В тишине он слышит и пытается поймать – а оно ускользает. Он ловит, а оно проскальзывает меж ошмётков разума. Он ставит капкан – но оно обманывает капкан. Он зовёт, но оно не отзывается. И сети рвутся, и стрелы ломаются. И лишь когда он успокаивается – имя приходит само – горячее, жаркое имя. Я всегда было твоим. Отпусти - и я снова вернусь. Но не держи - сломаешь крылья имени. Бескрылое имя мертво, и нет в нём отрады.
- Самберлой! – Восклицает он блаженно.
- Самберлой! – Повторяют они зачаровано.
И мир молчанием – мир ходом вещей – мир миром шепчет – Самберлой!
В окна заглядывают любопытные голуби и синицы - Самберлой!
В окна стучат ветви тополя - Самберлой!
В окно видны облака - Самберлой!
В окно видно небо меж облаков - Самберлой!
В окно не видно солнца, но свет - гонец его, здесь. Присягает - Самберлой!
Шаман провозглашает хвалу, математик заклинает цифры, редактор речёт стихи, которых не читал, но знает.
Они размыкают руки, и в ладонях у них остаётся пламя – синее у шамана, жёлтое у математика, красное – у редактора.
- Вкуси, прими, забери это себе, возьми это в себя, - Наперебой говорят они, голоса их не дрожат - сталь в голосах и покой, хотя пламя одаривает, милует и лобызает, милуясь их ладони ожогами – до самого мяса, до самой кости, до самого костного мозга.
- Пламя моё синее, с ним будет яснее, с ним будешь сильнее, вынесешь непереносимое, совершишь насильное иному непосильное!
Протягивает ладонь, Самберлой открывает рот, и глотает горькое синее пламя. Небо в нём, море в нём, и не разберёшь – что в чём отражается, но все жители моря и неба узнали о нём сейчас.
- Пламя моё жёлтое – даст волю твёрдую, жар - коже, сажу - наружу, сбережёт живот, обживёшь и проживёшь, не сгниёшь, сам сгоришь, но сожжёшь! Рожью взойдёшь, если примешь.
Протягивает ладонь, Самберлой открывает рот, и глотает кислое жёлтое пламя. Солнышко в нём и поля подсолнухов – что чему служит, что чему нужнее – неведомо, но живут среди подсолнухов мелкие, а на солнце случаются протуберанцы – и не быть им прежними отныне.
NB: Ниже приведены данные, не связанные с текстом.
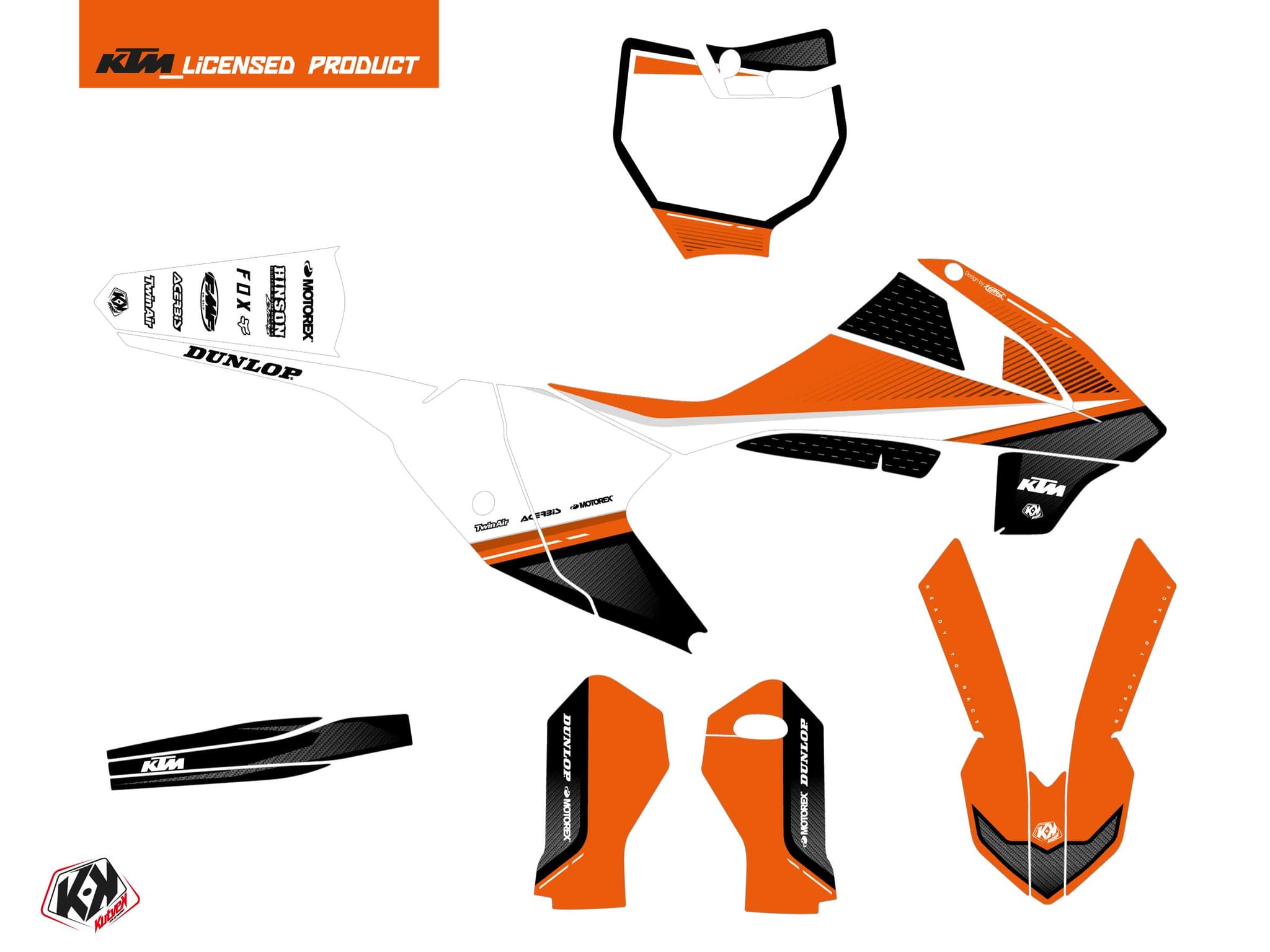 deko-set moto-cross shaw ktm 65 sx schwarz | KTM | Kutvek - View 2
- Пламя моё красное – станешь грозным как ненастие, всё перекроешь, будешь раскат, хладу закат, вот тебе ярость, вот тебе ясность, вот право яро - красть будешь, крыть будешь, край будешь хладу, буешь и ядом.
Протягивает ладонь, Самберлой открывает рот, и глотает сладкое красное пламя. Кровь всех живущих в нём – жаждущих жизни и впредь, горячая кипучая кровь – и каждому и каждой почудилось сейчас будто знает о Самберлое – лишь на миг почудилось, но крепко и ясно как день.
А трое ведут слова хором:
- Сновать кротом будешь, сор сметёшь, выметешь стужу, всё внутрь, и ничего наружу, всё разрушишь, разметаешь, жаром будешь, и жар приумножишь, оно и растает. Сила в душе, а душа под кожей. Можешь и сможешь. Можешь и сможешь. Посмеешь, посеешь, возведёшь и взойдёт - завьётся - рассмеёшься, да так рассмеёшься, что смехом прольёшься на иссохшие от века влаги не знавшие губы. Смерть была и смерть есть, но отныне смерти не будет.
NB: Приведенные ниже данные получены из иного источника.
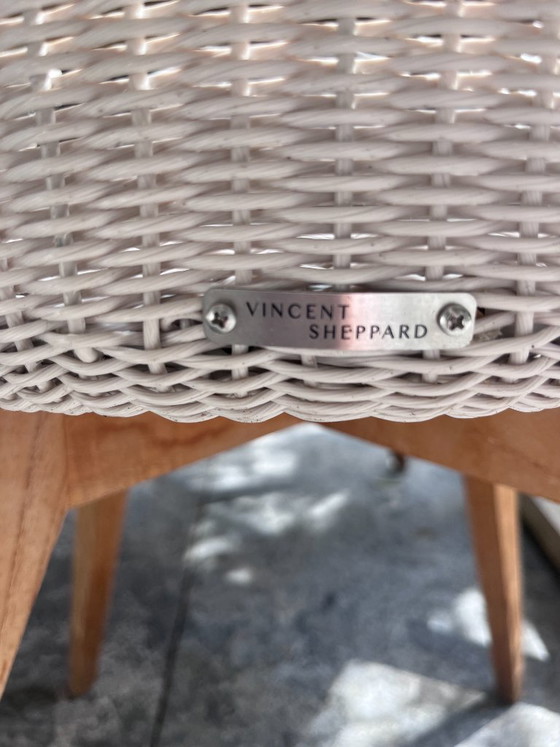 Image 1 of 6 Prachtige Vincent Sheppard terrasstoelen (Old Lace / Teak)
Три руки легли на ручку ножа, три улыбки метнулись в глаза, Самберлой ответил бесславно - готовностью, и нож - наружу. Поэт обмяк - туша.
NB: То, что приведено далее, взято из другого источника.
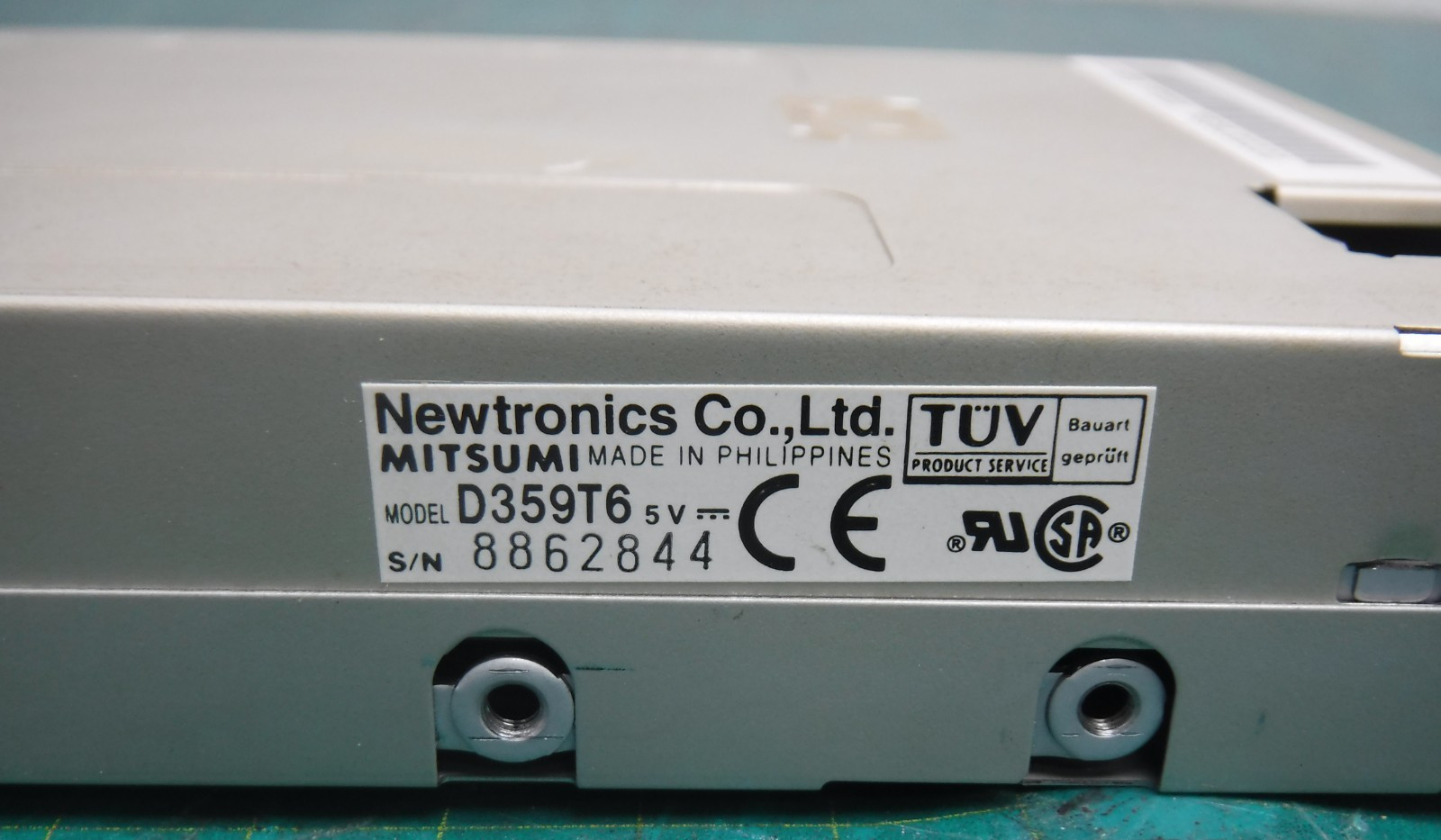 MITSUMI D359T6 3.5" Internal Floppy Drive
Глаза остались открытыми - в них испарялось недозабытое.
Лети, Самберлои, в хлад, жги его - выжигай, топи его - растапливай, топчи и не иди на попятную, не мёрзни от грёз, не лей слёз, не жалей его, ибо он не жалеет - жалеть не умеет, не жалей ибо он жалости не знает, всё ловит и в нём всё тлеет, не жалей ибо это хлад. Ты – наш гонец, ты наш патрон, ты наш снаряд и наш посланец, копейщик, копьеносце и копьё - это ты, и это твоё, а ты наше всё. Ты наше всё. Ты наше всё.
Всё.
Они упали – грохот бутылок - какая-то разбилась и порезала ладонь математику, наградив стеклянной занозой. Пытался убрать бутылку из-под себя - обожжённые руки не слушались. Но он счастливо смеялся, и вскоре смех перешёл в рыдание – он повернулся на бок, и лежал трясущимся эмбрионом, постанывая - не то от раздирающего смеха, не то от боли в руках, не то ещё от чего.
От того, что удалось быть может, от триумфа может быть.
Шаман доставал из рюкзака мази - доставал, доставал, и никак не мог достать. Обожжённые руки не слушались. Так он и высыпал на пол всё содержимое и копался в нём, не видя, просто чтобы отогнать пустоту из головы. Перекладывал, как мог, с места на место, и обратно, и туда, и наоборот.
Потом найдёт нужное, быть может - потом найдёт, наверняка.
Редактор пытался закурить – обожжённые руки не слушались. Потом закурить, быть может - может быть, потом? Нет, всё-таки изловчился кое-как. Истошно кашлял. Казалось - лёгкие наружу лезут. Пережил и это.
Как маг, превратил сигарету в бычок, затушил бычок в куче окурков. Шумно выдохнул, поднялся, шумно выдохнул. Закрыл глаза, шумно выдохнул, прислушиваясь к себе.
- Ну вот, - сказал он остальным.
- Ну вот, - сказал.
- Ну вот теперь-то, - сказал он им.
- Ну вот теперь-то началось.
5 Недолговечный праздник
Смерти не было пять лет.
Вначале пути, мы не были уверены, как это будет выглядеть в точности.
Оказалось - загляденье.
Ни войн. Ни эпидемий. Ни несчастных случаев. Ни больших ни малых.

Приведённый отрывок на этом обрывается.